In case you haven't seen it yet, this project is featured in a Hackaday blog post: hackaday.com/2020/11/09/the-logic-chip-risc-v-project-reboots/#comment-6293177. I'm looking foward to the rest of the modules!
@18:24 this doesn't sound right. The ALU takes a non-zero amount of time to do its operation... wouldn't the write be on the next clock? (or the falling edge or whatever, but not at the same time)
Why wouldn't the memory run instructions like the ALU? It needs rs1 and rs2, and can write to registers too. Maybe you could put the opcode on the bus, and decode it on each card? Also, you said RV32E has 32 registers, but it has 16 registers.
Wellllll.... originally I meant LMARV-1 to be the discrete version, with FPGAs slowly replacing each piece (LMARV-2) until the whole thing was just one FPGA (LMARV-n). In reality, I'll never do that.
Like the channel! nmigen doesn't support delays?
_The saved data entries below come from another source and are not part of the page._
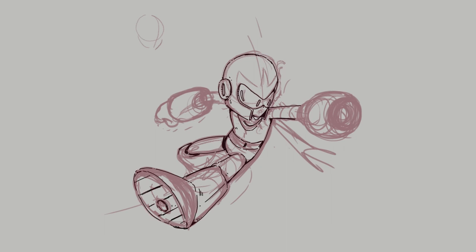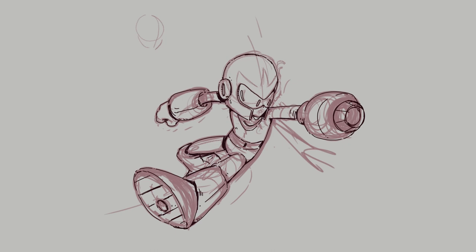I'm thinking, should I stream the comic process so you guys can see? But then there's the spoiler issue — you'd be seeing spoilers if you're also reading the comic. I don't know if you'd want that. I'm not sure how to handle it.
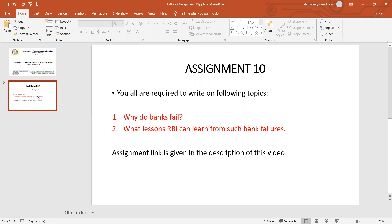The second question is: what lessons can the RBI learn from such bank failures? Apart from monitoring and supervision, which are policies governed by the RBI — you should discuss whether these policies are sufficient.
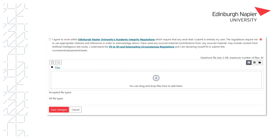Clicking Add Submission will take you to this window where you must tick the box to say that you agree with the university's academic integrity regulations. You can either select your file from your computer using the file picker or you can drag and drop the file from your computer. If you have more than one file to upload simply repeat this process until all files are uploaded. Finally, click Save Changes.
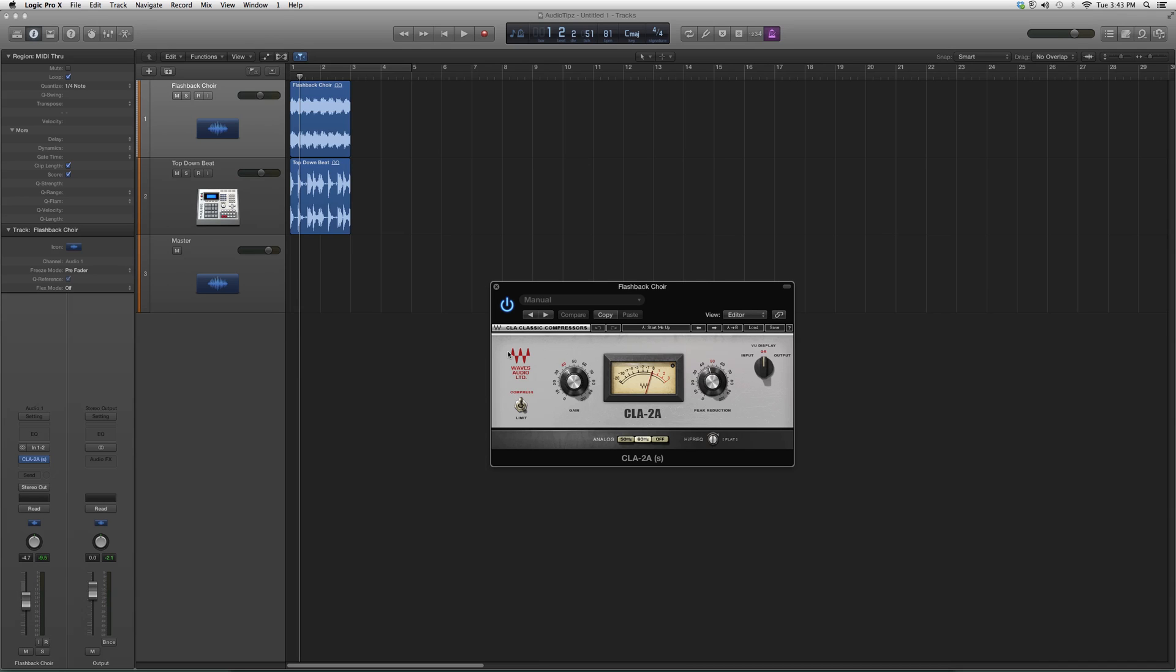You've got your gain on the left, you've got your peak reduction on the right, input and output. With this little knob right here, you can limit it or compress it. It gives you the option of both.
I've been building my own 8bit CPU called SPAM-1 that has a somewhat similar multubus design superficially perhaps ru-vid.com/video/%D0%B2%D0%B8%D0%B4%D0%B5%D0%BE-VJgfgP1Q89U.html and I've similated the components in Icarus verilog and spent a LOT of time approximating the delays of the datasheets of the 7400 devices. I found this invaluable for spotting glitches or other propagation delay side effects. How do you plan to discover at least some timing issues prior to committing to hardware? I understand"careful design" but simulation and automated tests have been invaluable spotting the problems that my care and attention didn't avoid.